Re: 411 response code: clarification, please

Roy Fielding <fielding@beach.w3.org> wrote:
  > >[Dave Kristol wrote:]
  > >2) Client sends Authorization request header.  Server doesn't like the
  > >information therein.
  > >
  > >    2a) Basic scheme.  At present, servers send 401 if the name:passwd
  > >    is unacceptable.
  > 
  > Are you sure?  I thought they sent 403 in this case.
NCSA sends 401.  That's also what my server does.  403, according to the
draft, means "Authorization will not help", so that's wrong.
  > 
  > >    Should they send 411 for HTTP/1.1?
  > 
  > Yes, but only if they want to include information about how the
  > user can correct the situation.
Do you mean "include" as part of WWW-Authenticate, or as part of an
entity.  I would be leery of the latter, for the same reason that the
Unix login program doesn't tell you what went wrong:  you don't want to
say whether it was a bad user-id, a bad password, or other.
  > 
  > >    Apparently
  > >    not:  the challenge is likely to be the same as the previous one,
  > >    so sending the same response is futile.
  > 
  > "likely to be the same" is not a strong statement.
Well, for Basic there's really no choice to the challenge, is there?
So the challenge will certainly be the same.
  > 
  > >    2b) Digest scheme.
  > >    2b1) The "stale" attribute says whether the problem is with the
  > >    nonce value, so the client can tell whether the server thinks
  > >    that's what the problem is.  Should the server send 401 or 411 on a
  > >    stale nonce?  (I'm guessing 411, although it doesn't appear to
  > >    matter.)
  > 
  > 411 (I was assuming that 401 is only sent when the request had no
  >      Authorization field at all).
  > 
  > >    2b2) If the nonce is fresh, but the server rejects the authorization
  > >    information for other reasons, I'm guessing the server should
  > >    return a 401. A 411 would imply that the client could recalculate
  > >    the Authorization header from the challenge (realm and nonce), but
  > >    they may well be the same the second time, and the server would
  > >    reject it again.
  > 
  > 411 if the server wants to give them another chance, 403 otherwise.
As I said above, 403 is the wrong response, according to the words in
the draft (v10-spec-01).
  > The description of 411 states that:
  > 
  >    The response must include a WWW-Authenticate header field 
  >    (Section 8.30) containing a challenge applicable to the requested 
  >    resource.
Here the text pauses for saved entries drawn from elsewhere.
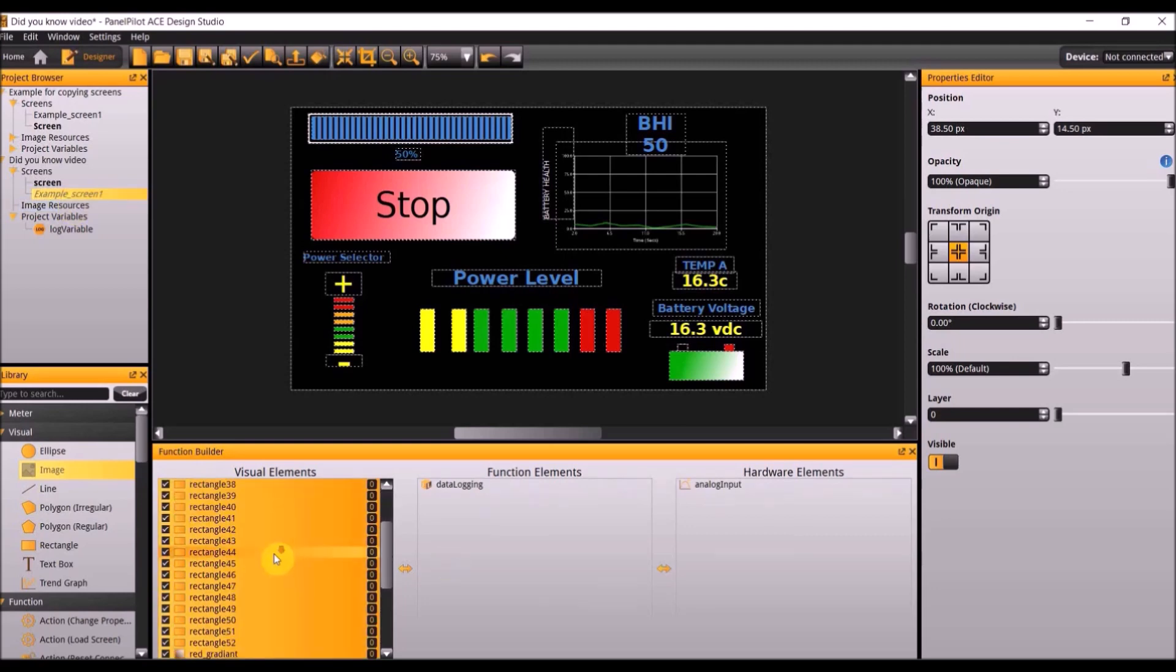As you can see I added all the visual elements, function elements, and hardware elements from that other project.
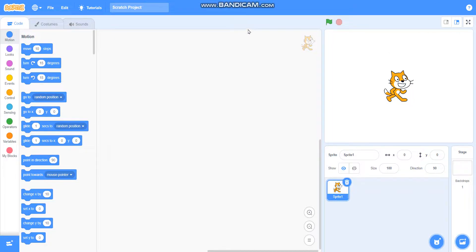Hello friends, in this video we are going to learn how to draw a square base pattern in a different way. So let's begin with it.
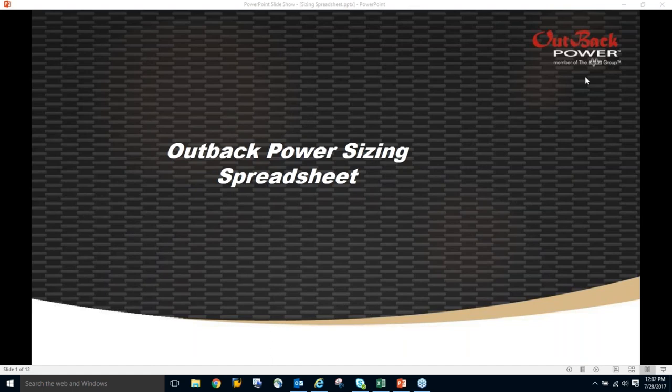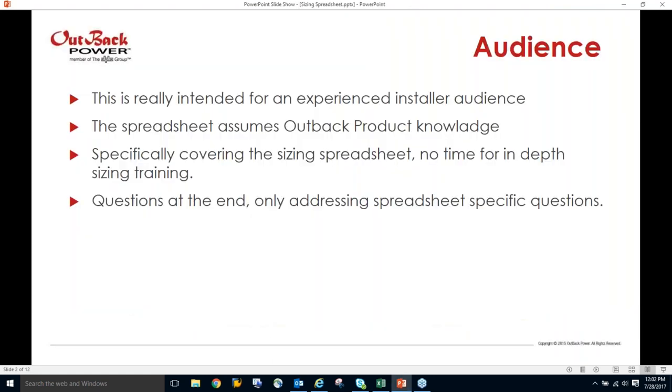The certificate training program has 26 CEU credits for NABCEP. The reason I mention the training is because I want to be sure we all understand that we're not going to come into a one-hour webinar and learn everything there is to know about off-grid solutions or battery-based solutions or even just sizing. The main focus is going to be on this particular spreadsheet that we use for training.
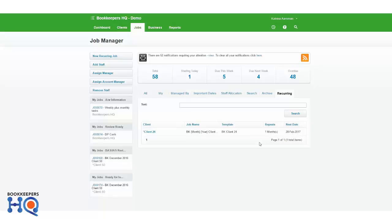So I actually want to change this bookkeeping template, this job template, and add a few more items to it so that next time it recurs on the 28th of February, those new to-do items will actually come through on the next date that it does recur.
If the challenge is different from that assumed by the 
  >    last request, the client may repeat the request with a suitable 
  >    Authorization header field after obtaining the user's approval.
  > 
  > Should that be "If and only if"?

If you said that, you would preclude the server's returning the same
challenge and letting the client have another guess at the correct
value.  Then again, if that happened, the user could try the same link
again, the client would send no Authorization header, the server would
return a challenge, and the user could try again.
  > 
  > On the other hand, we could just use 401 for both, but I was told
  > earlier (on the list) that the 411 semantics were needed.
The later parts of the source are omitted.